Could a battalion of U.S. marines, transported back in time, destroy the entire Roman Empire?

That question changed James Erwin's life. It was posted on the website Reddit in 2011, just one of many hypothetical queries posted on the popular forum  where readers engage in lively debate and discussion.

Erwin, a technical writer and historian, saw the question and decided to spend his hour-long lunch break drafting a story about just such a scenario.

By the time lunch was over, he had posted eight pages written in the form of a diary by a U.S. marine whose battalion is mysteriously transported from Afghanistan to ancient Rome.

When he got home from work, Erwin's story titled "Rome Sweet Rome," had been read by 250,000 people and he had been contacted by a talent management firm in L.A. who wanted to work with him.

Readers had even created hypothetical soundtracks for the movie, posters and a fake trailer. And before the week was done, producer of the film "300," Gianni Nunnari, said he wanted to be involved.

"When I first started writing I thought well, this will be a fun way to kill a lunch hour, I thought maybe a hundred fellow nerds would see it and it ended up changing the trajectory of my entire life," Erwin told CTV's Canada AM in an interview from his home in Iowa Tuesday.

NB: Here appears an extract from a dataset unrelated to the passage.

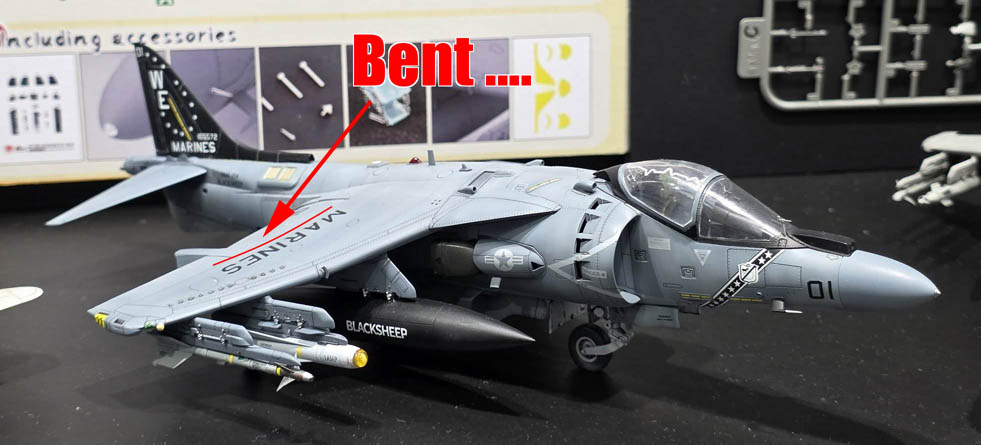残僅か】UM aモデル1/48 AV-8B ハリアーII PLUS 【残僅か】UM aモデル1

"A month after I'd posted this eight-page story I had a manager in Hollywood and I had a deal with Warner Brothers to write a screenplay based upon that story."

Warner Bros made Erwin an offer he couldn't refuse (and isn't disclosing for legal reasons), and he took a leave of absence from his job to write a treatment of the film, and then a screenplay.

Erwin had been writing software manuals at the time, and before that a 700,000-word encyclopedia covering U.S. military history. He had also recently read about a Roman senator who plotted against Augustus. He said he was able to combine the two worlds into one compelling story.

"I think just having that sort of apprenticeship and the ability to sit down, block things out and just start typing, I couldn't have put out eight pages in an hour and I certainly couldn't have possibly written a screenplay three months later without that," said Erwin, who is also a two-time Jeopardy champion.

That screenplay is now being worked on by a second writer, something Erwin said is common in Hollywood, and the project is still slated to go forward. Meanwhile, he has returned to his old job and is anxious to see what's next for the project.

"We're two years in and the second draft is pretty close to being done," he said. "At that point they'll look at it, maybe tweak it again and then maybe they'll say it's ready and go out and find a producer director and stars."